Stillende Mütter am Arbeitsplatz

Der bezahlte Mutterschaftsurlaub ist vorbei, das Kind aber wird weiterhin gestillt. In dieser Lage befinden sich in der Schweiz viele Mütter. Sie dürfen auch nach der Rückkehr an den Arbeitsplatz stillen oder Milch abpumpen. So gelingt der Spagat.

Schweizer Kinderärzte empfehlen eine Stillzeit von mindestens sechs Monaten. Da der Mutterschaftsurlaub bereits nach vierzehn Wochen endet, stehen stillende Mütter vor der Entscheidung, ob sie abstillen, Muttermilch abpumpen und mit der Flasche füttern oder das Kind während der Arbeitszeit stillen wollen.

Das Arbeitsrecht regelt die Stillzeiten, die während der Arbeitszeit erlaubt sind, und hält Arbeitgeber dazu an, ein stillfreundliches Umfeld zu schaffen. Dazu gehört ein ruhiger, abschliessbarer Raum und die Möglichkeit, abgepumpte Milch kühl aufzubewahren.
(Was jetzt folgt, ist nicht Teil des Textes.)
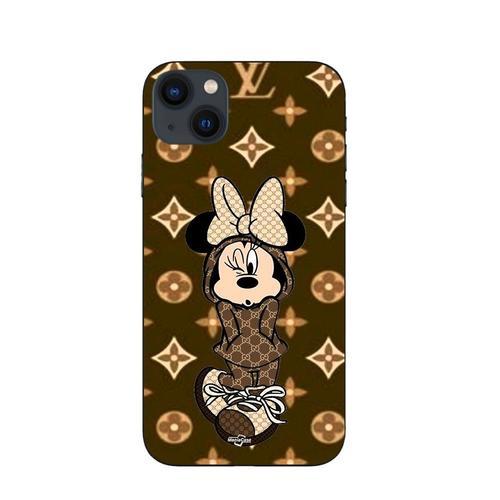 Coque Iphone 15 Minnie Disney Lv Marron on Productcaster.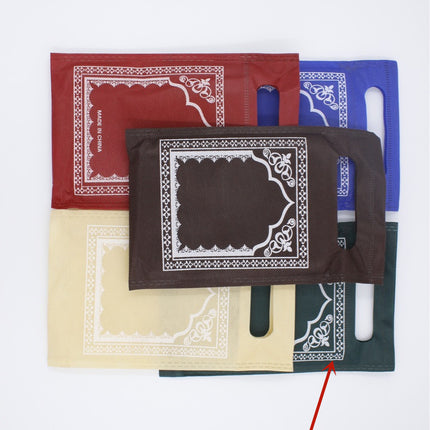 Disposable Prayer Mat Blanket Blanket Middle East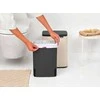 Brabantia Bo Waste Bin, 12L - Soft rusvai gelsvas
Pro Halbtag dürfen Mütter 30 Minuten Stillzeit beziehen, ab sieben Stunden Arbeitszeit erhöht sich das Anrecht auf 90 Minuten. Es ist der Arbeitnehmerin überlassen, ob sie sich für diese Zeiten das Kind von einer Betreuungsperson zur Arbeit bringen lässt und stillt oder ob sie Milch abpumpt und später verabreicht. In der Praxis stillen viele berufstätige Mütter morgens und abends und pumpen dazwischen ab.

So gelingt das Stillen im Arbeitsalltag

Wichtig ist, bereits vor der Rückkehr an den Arbeitsplatz mit der Planung zu beginnen:

  • Informieren Sie die Vorgesetzten und regeln praktische Fragen (Stillzeit, Raumreservation).
  • Beginnen Sie rechtzeitig damit, das Kind an die Trinkflasche zu gewöhnen.
  • Besorgen Sie eine tragbare Brustpumpe und machen sich damit vertraut.
  • Besprechen Sie mit Betreuungspersonen das Handling von abgepumpter Milch.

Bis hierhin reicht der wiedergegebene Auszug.